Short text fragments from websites

# # # #

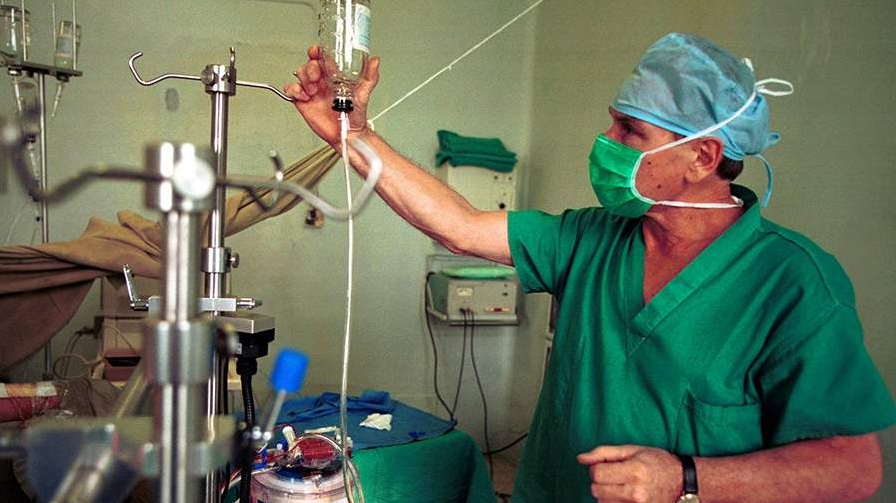 Найден способ прогнозировать осложнения при ишемической болезни сердца: на чём основан метод и как метод поможет больным с ИБС?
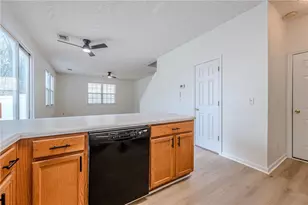 122 Windcroft Ln NW, Acworth, GA 30101 - Photo 19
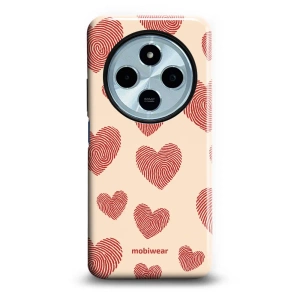 Hülle Elite Pro für Xiaomi Redmi 14C - Farbe EP93E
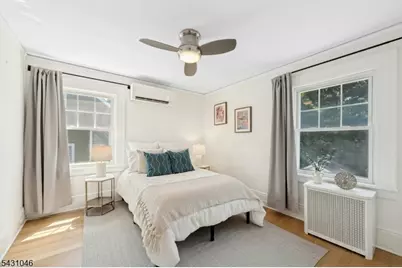 2 Columbus Ave, Montclair, NJ 07042 - Photo 23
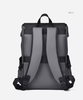 Urban Business Laptop Backpack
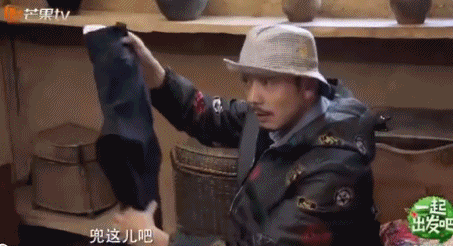 「十点电影」洗白失败，杨烁这次活该被骂上热搜？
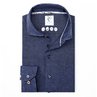 Heren Overhemd 128.WSP.XLS.021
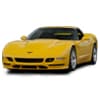 CorvetteBodyKits.jpg Corvette Body Kits
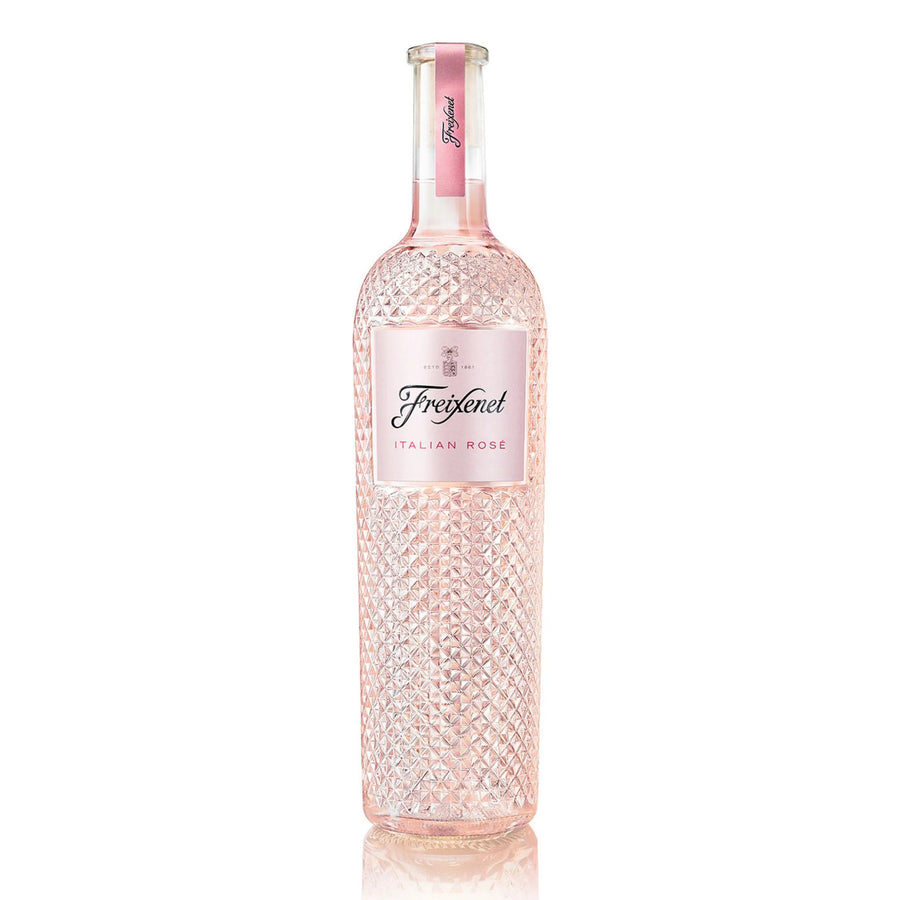 Freixenet Rosato Veneto Rose Italy - Bottles2Gift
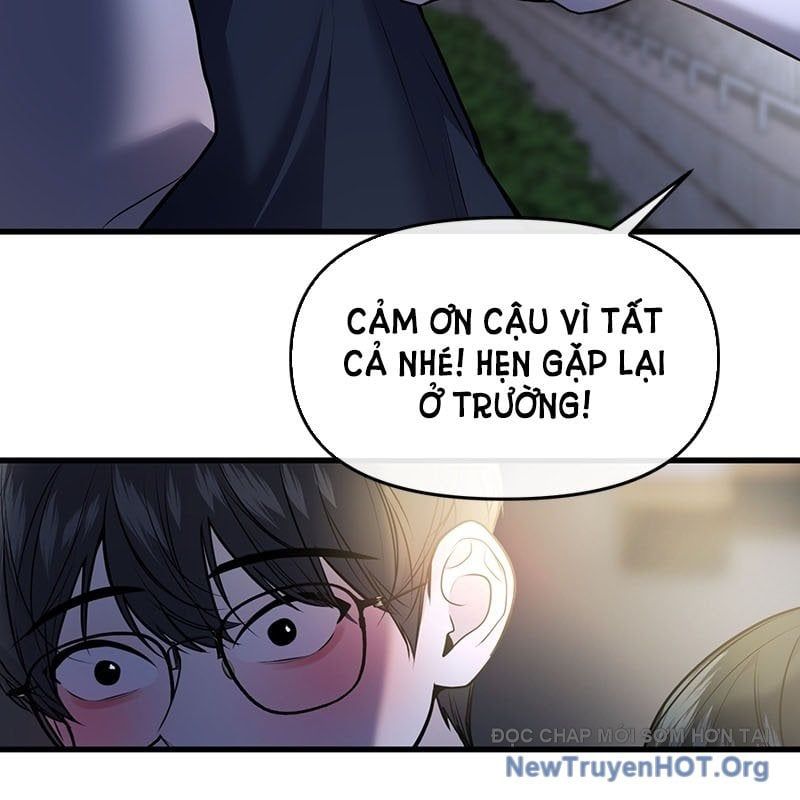 page_105
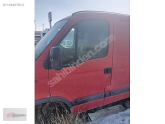 Oto Çıkma Parça / Kaporta & Karoser / Kapı / Renault / Master / Çıkma Parça 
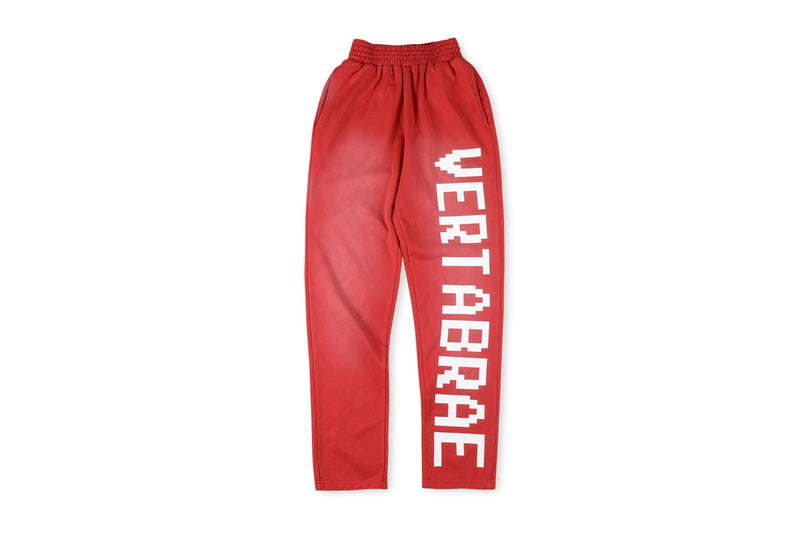 Vertebrae Sweatpants
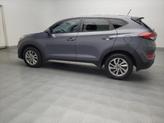 Thumbnail of 2017 Coliseum Gray Hyundai TUCSON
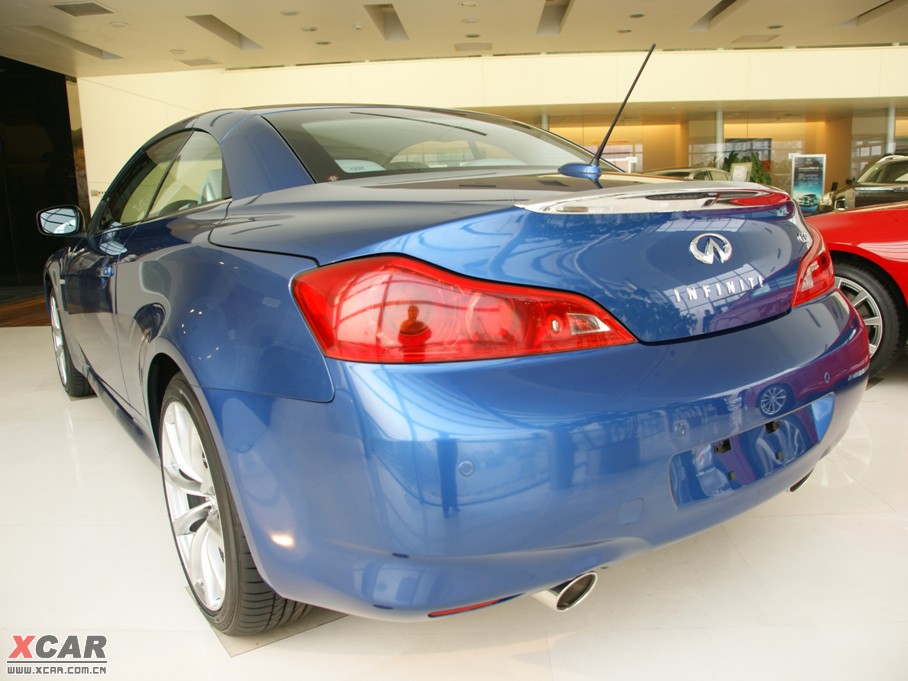 2010ӢQ60 37 Ӳ픳̴ľ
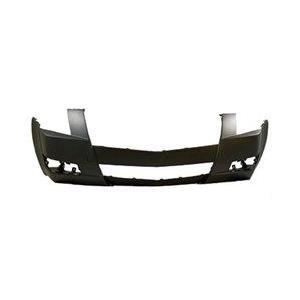 Front Bumper Cover 2008-2013 Cadillac CTS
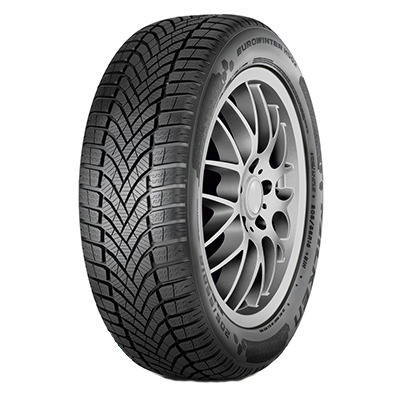 FALKEN HS02PRO MFS 225/40 R19 W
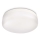 Philips - Plafonnier LED salle de bain LED/7,5W/230V IP44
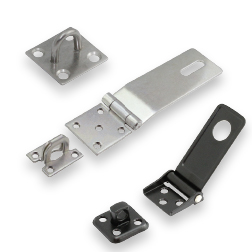 hasps-and-staples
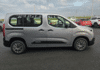 citroen-berlingo-m-1-5-bluehdi-100ch-plus-n1 - 1007994713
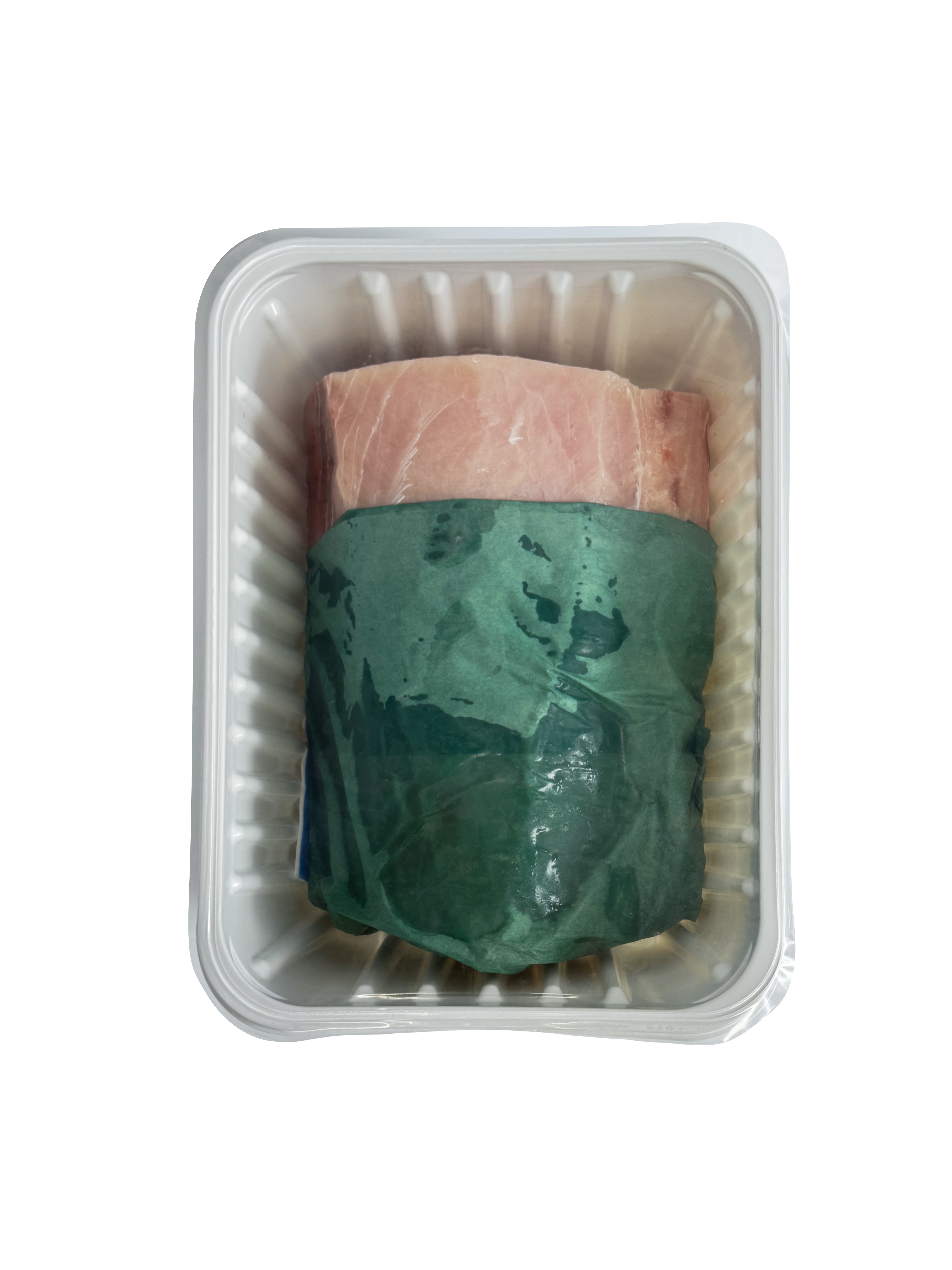 Miecznik Polędwica Ok. 2-4Kg
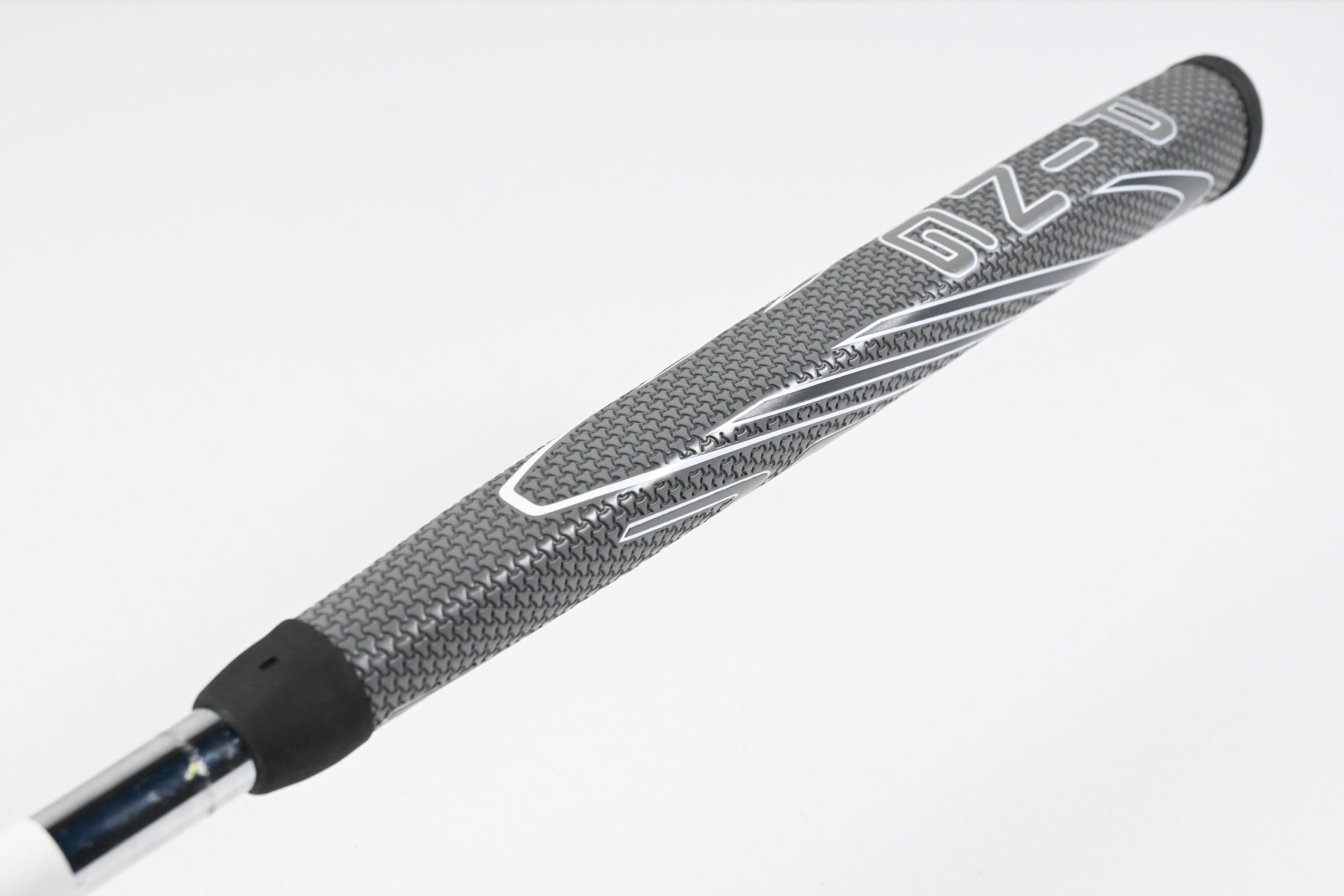 Ping Sigma G Tyne Putter / 34 Inch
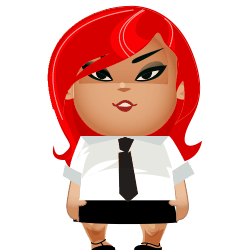 Avatar de Elizabeth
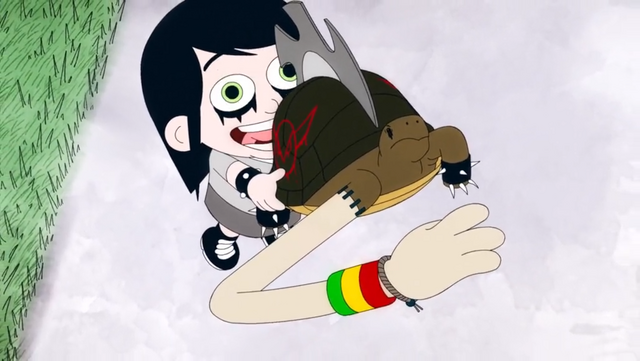 File:Dylan and Shell Raiser.png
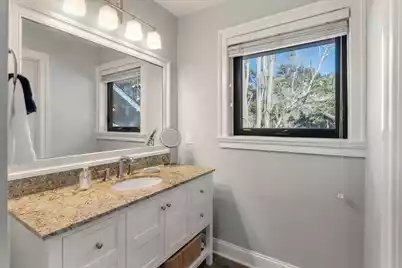 111 High Hammock Villas, Seabrook Island, SC 29455 - Photo 12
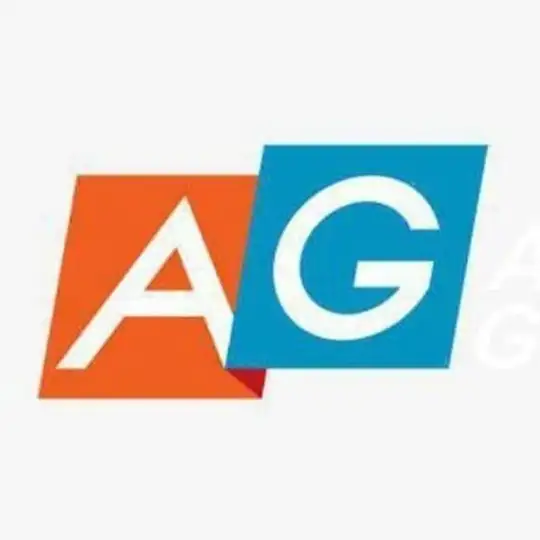 反差【婊】 Telegram Channel Avatar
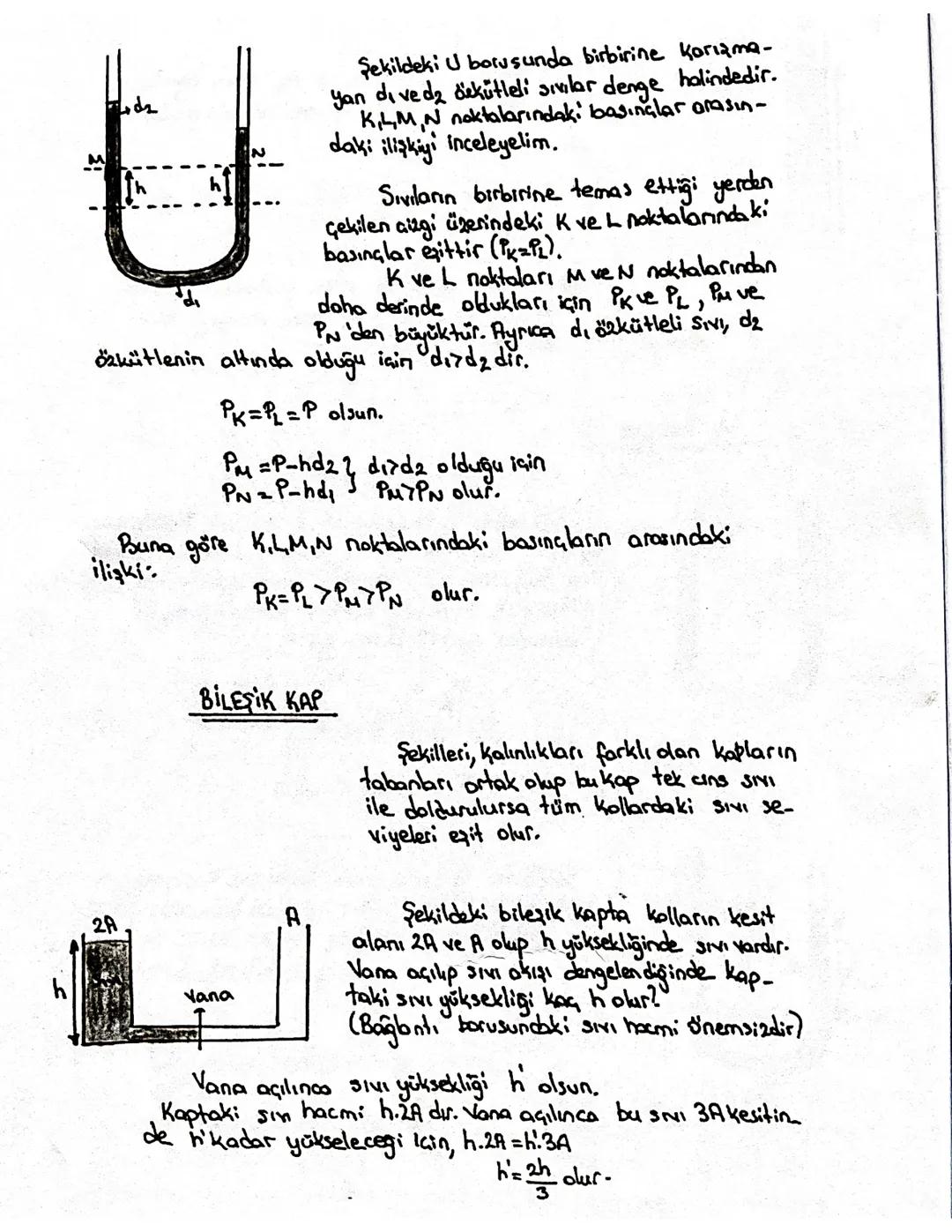 UNITE-2: BASING

Katılarda Basing

Kar yağışının yoğun olduğu
bölgelerde yurürken kara batmamak
için ayaklara kar paleti takılır.
Burada ama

# # # #

### GOAL OF THE EXERCISE
Reproduce nothing but the lines that run from the line containing "111 High Hammock" through the last line of the records, inclusive. Omit the pictures.

### WRITTEN ANSWER
 111 High Hammock Villas, Seabrook Island, SC 29455 - Photo 12
 反差【婊】 Telegram Channel Avatar
 UNITE-2: BASING

Katılarda Basing

Kar yağışının yoğun olduğu
bölgelerde yurürken kara batmamak
için ayaklara kar paleti takılır.
Burada ama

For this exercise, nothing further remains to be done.